SchoolJournalism.org

Precise Writing

C. Dow Tate
Hillcrest High School
Dallas, Texas

Ultimate Goal
Students will choose precise and accurate nouns, adjectives and verbs to create vivid writing.

What you want to teach:

  • Precise words make writing vivid. The sentence “The dog jumped up on the boy” is a simple statement. When the writer replaces “dog” with “Saint Bernard,” the scene changes dramatically. Or, “When the officer ran past the gate, the dog turned on him” is vague compared with “The officer sprinted past the gate when the Chihuahua turned on him.” If accurate, the images are certainly more vivid.
  • If adjectives are needed, specific adjectives help create powerful images. “The teacher put on his cashmere sweater” is more vivid than “The teacher put on his nice sweater.”
  • Specific details should be relevant to the story being told. If the story is about the furnace failure in the middle of a Minnesota winter, the sentence “The teacher put on his sweater” helps communicate how cold the school room was. Unless the teacher had a choice of sweaters and the reporter’s aim is to profile the teacher, the specific adjective “cashmere” is not needed.
  • How precise is “precise”? Challenging students to look for the perfect verb for a man coming off a roof down a rope will have them using the word “sliding” when “rappelling” may be visually accurate. They need to understand that “rough pants” isn’t as precise as “burlap jeans.”

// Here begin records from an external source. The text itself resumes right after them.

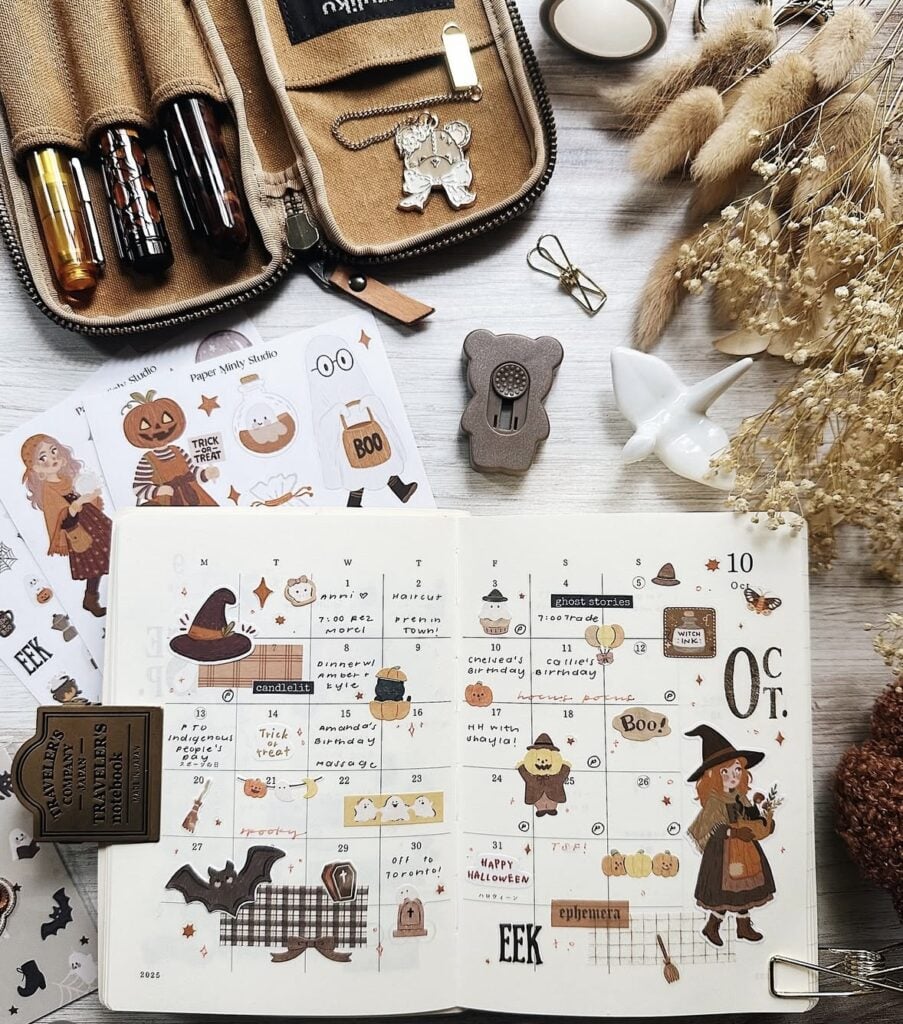 Traveler’s notebook October monthly planner with cute witch illustration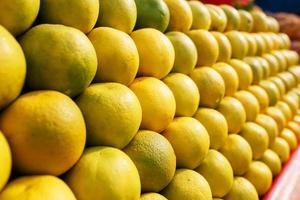 A stack of yellow ripe and sweet lines on the whole screen on the market. Lime and lemons background. Fresh organic lemons and lime on a local farmer photo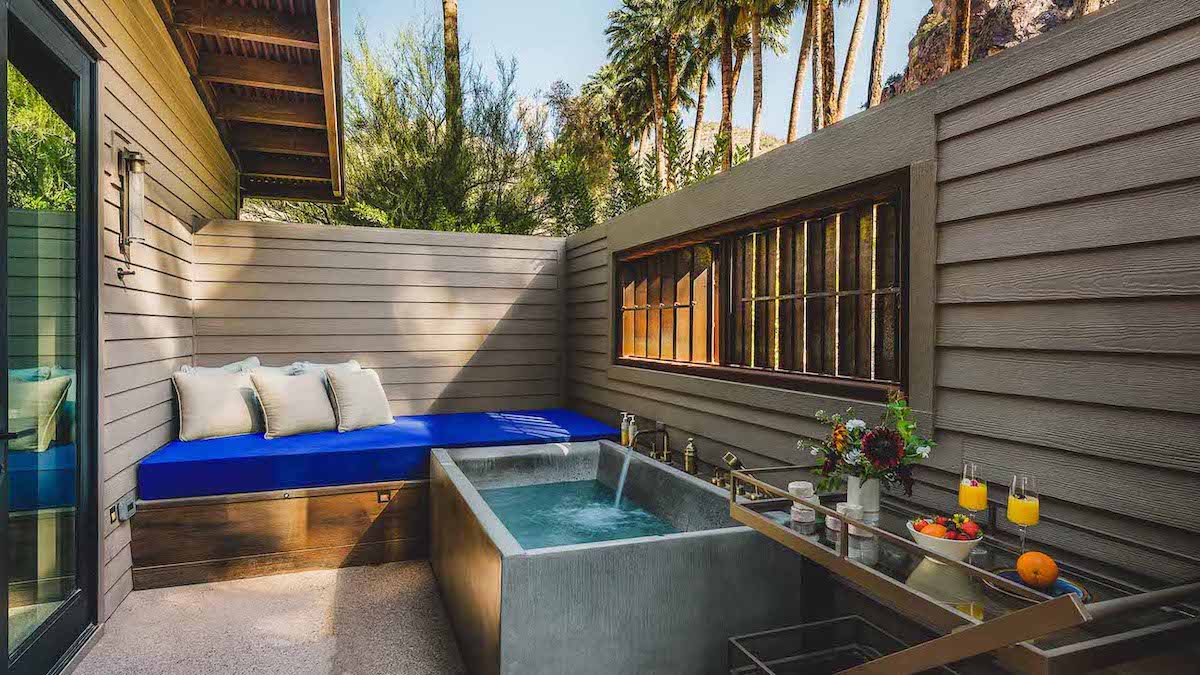 Outdoor patio with a small concrete soaking tub, cushioned bench with blue pillows, and a table holding drinks and flowers, surrounded by wooden walls and greenery.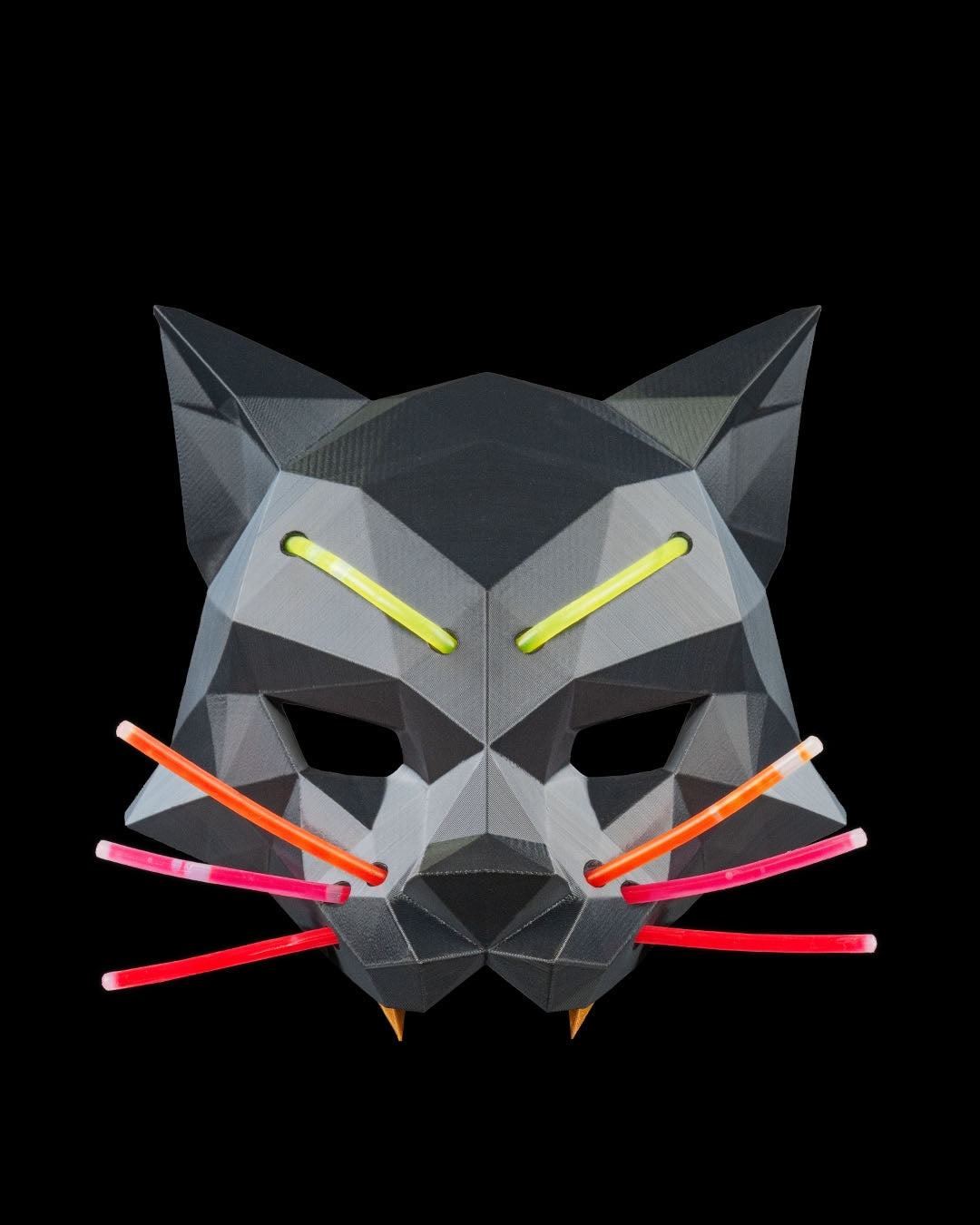Geometric cat mask with colorful accents on a black background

Ways to teach what you have to teach:

  • Charades. Give students verbs to demonstrate. As in the game of charades, each player pulls a word from a hat and acts it out for classmates to guess. Words on the slips of paper might be various gaits such as “stomp,” “leap,” or “glide.” Teams can be formed and score kept. Someone might be appointed to record guesses on the blackboard so that synonyms can be discussed.
  • Reading for vague words. Give students a strong piece of writing that you have de-edited. Ask them to circle the vague words. Showing them the original piece can help reinforce the point that precise language makes writing stronger.
  • Reading for precise words. Ask each student to copy lyrics from a favorite song and circle precise nouns, verbs or adjectives.
  • Word bans. Announce that a certain word will be banned from the classroom for a period of time. Choose one vague or weasel word per week or month or semester. Discuss words that add nothing to a sentence and ban words like “many,” “few,” “some,” or “very.”
  • Word pictures. Give each small group or pair of students a front page photograph from local newspaper and ask the groups to write a description of their photos. Each group will read its description to the class and then show its photo. Class response to word choice will be best if groups manage to conceal and not reveal their photo until after the reading of their writing has created mental pictures in the listeners’ minds. Structured class response should acknowledge vivid words, phrases and imagery and discuss how the imagery is accurate, precise and relevant. An overhead projector might be helpful.